#### ABOUT THIS TASK:
Transcribe all of the data exactly. Omit the pictures.

--- DATASET RECORDS Enclosed Below ---

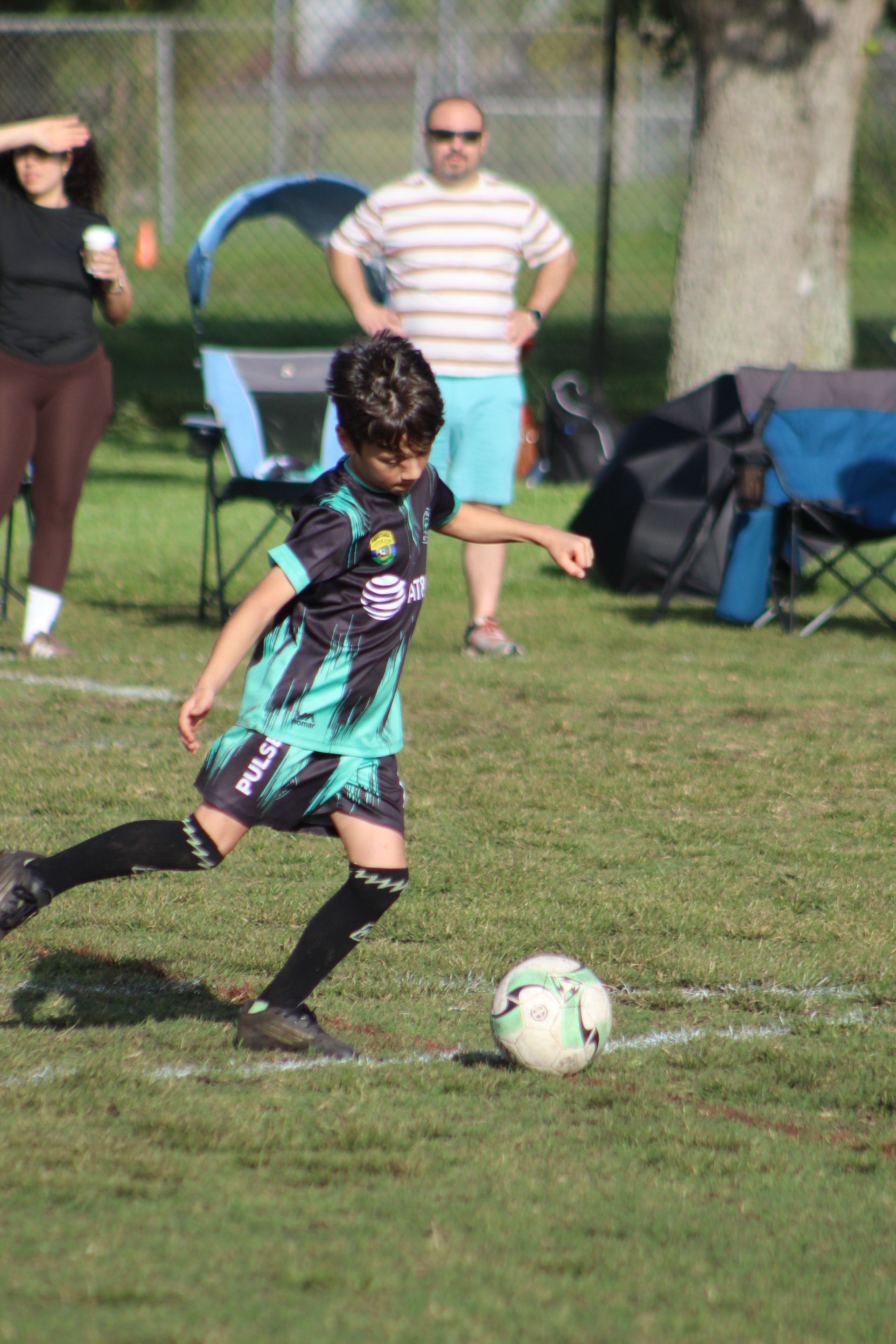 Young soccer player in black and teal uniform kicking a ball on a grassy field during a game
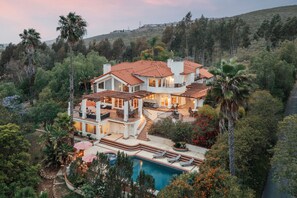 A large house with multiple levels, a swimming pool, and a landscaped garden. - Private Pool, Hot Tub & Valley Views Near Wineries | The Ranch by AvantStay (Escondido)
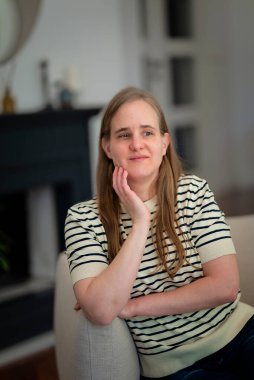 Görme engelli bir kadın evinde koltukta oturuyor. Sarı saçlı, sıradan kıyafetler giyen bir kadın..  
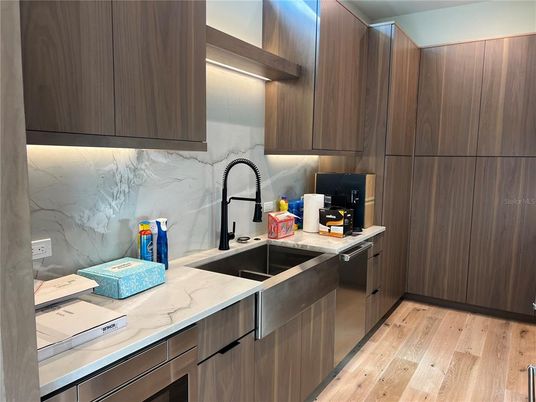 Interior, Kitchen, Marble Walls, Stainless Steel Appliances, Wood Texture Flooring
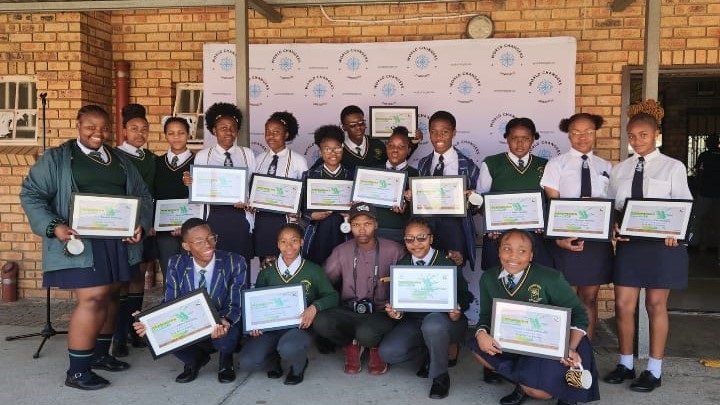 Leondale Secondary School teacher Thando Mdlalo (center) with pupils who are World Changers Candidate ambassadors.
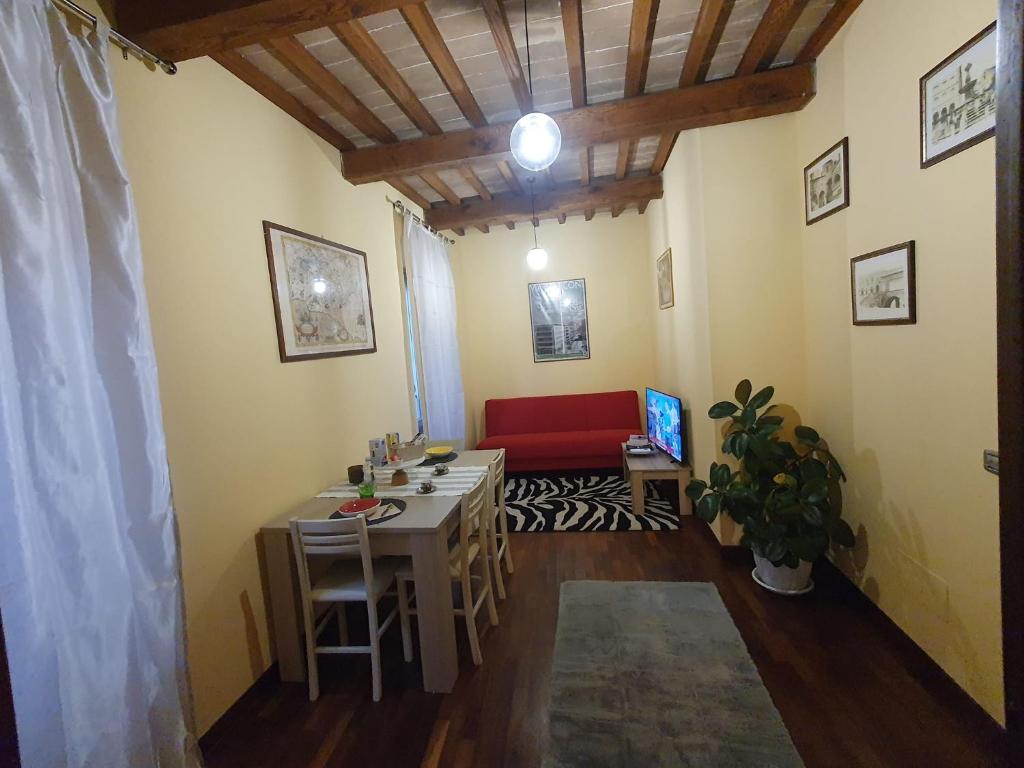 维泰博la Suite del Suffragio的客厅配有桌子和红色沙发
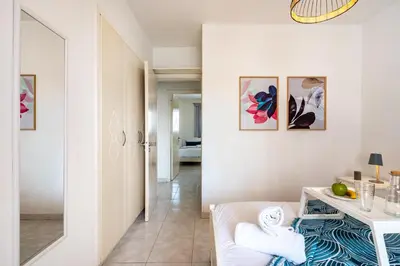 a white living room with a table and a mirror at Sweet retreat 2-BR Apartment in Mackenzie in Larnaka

--- End of Enclosed DATASET RECORDS ---

#### REPLY TO THE EXERCISE:
 Young soccer player in black and teal uniform kicking a ball on a grassy field during a game
 A large house with multiple levels, a swimming pool, and a landscaped garden. - Private Pool, Hot Tub & Valley Views Near Wineries | The Ranch by AvantStay (Escondido)
 Görme engelli bir kadın evinde koltukta oturuyor. Sarı saçlı, sıradan kıyafetler giyen bir kadın..  
 Interior, Kitchen, Marble Walls, Stainless Steel Appliances, Wood Texture Flooring
 Leondale Secondary School teacher Thando Mdlalo (center) with pupils who are World Changers Candidate ambassadors.
 维泰博la Suite del Suffragio的客厅配有桌子和红色沙发
 a white living room with a table and a mirror at Sweet retreat 2-BR Apartment in Mackenzie in Larnaka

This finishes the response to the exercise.